Итак, объект наших реконструкций – национальное Целое. Однако сомнение и скептицизм преследуют меня снова и снова – как извне: в возражениях других людей, так и изнутри, в моем самокритицизме и рефлексии: как это возможно вычленить некое «национальное Целое» из универсальной мировой цивилизации с ее всепроникающим и нивелирующим излучением?

Да, очевидно, что в ходе мировой истории и особенно в XX веке все народы сблизились и стали унифицироваться в быту (у всех телевидение и авто…) и в мышлении (интернационализм и математизация в науках, компьютеры…) – и тем не менее в своем ядре каждый народ остается самим собой до тех пор, пока сохраняется особый климат, пейзаж, национальная пища, этнический тип, язык… – ибо они постоянно подкармливают и воспроизводят национальную субстанцию, особый склад жизни и мысли. Соответственно Единое материальной вселенной (Космос) или Духа (Логос) приобретает специфический образ у каждого народа. Инвариант Бытия видится каждым в особой проекции, в особом варианте, – подобно тому, как единое небо видится сквозь атмосферу, которая обусловлена разнообразием поверхности земли. И тот «Космос», который я для каждого национального мира описываю, прежде всего понизовый: земляной, а не звездный.

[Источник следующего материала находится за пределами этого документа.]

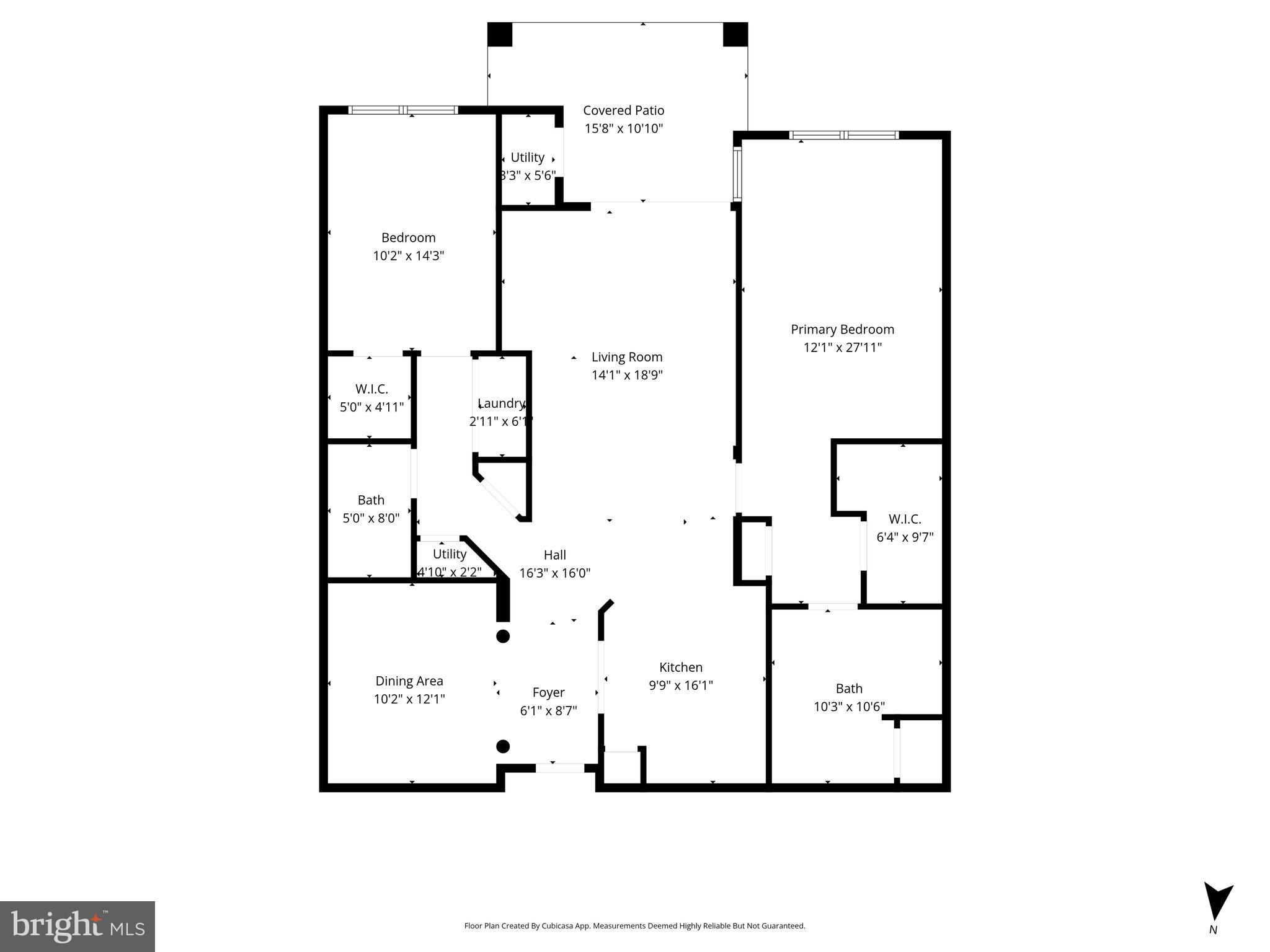 REGENCY AT DOMINION VALLEY - Residential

В качестве эпиграфа к настоящему исследованию хорошо подходит изречение Гераклита: «Для бодрствующих существует единый и всеобщий космос, из спящих же каждый отвращается в свой собственный» (фрагмент 95). Так что национальные образы мира – это как бы сны народов о Едином. Зачем же заниматься снами? А чтобы не принимать их за действительность, отдавать себе отчет в ограниченности и локальности наших даже самых общих представлений: об Истине, о Боге; даже в математике наблюдаемы национальные акценты. В то же время через сопоставление и взаимную критику разных «снов» есть надежда и до истинной реальности докопаться. Сквозь варианты – к Инварианту!

Реальна опасность, что в будущем национальные культуры могут сливаться в океане универсальной цивилизации Земли, однако в настоящее время они еще в полном цвету, и я вижу свою задачу в том, чтобы описать их в этом состоянии, когда народы и культуры, может быть, поют свою лебединую песнь. Я портретирую нации – как личности.

Национальные культуры подобны деревьям, что растут в течение веков и тысячелетий. Их уподобление друг другу и унификация по меркам и стандартам цивилизации происходит на верхнем уровне, с вершин деревьев. Могу даже схемой это представить:



Но ствол и вся ткань – различны. И до сих пор текут национальная кровь и сок из корней, подпитывая национальную плоть.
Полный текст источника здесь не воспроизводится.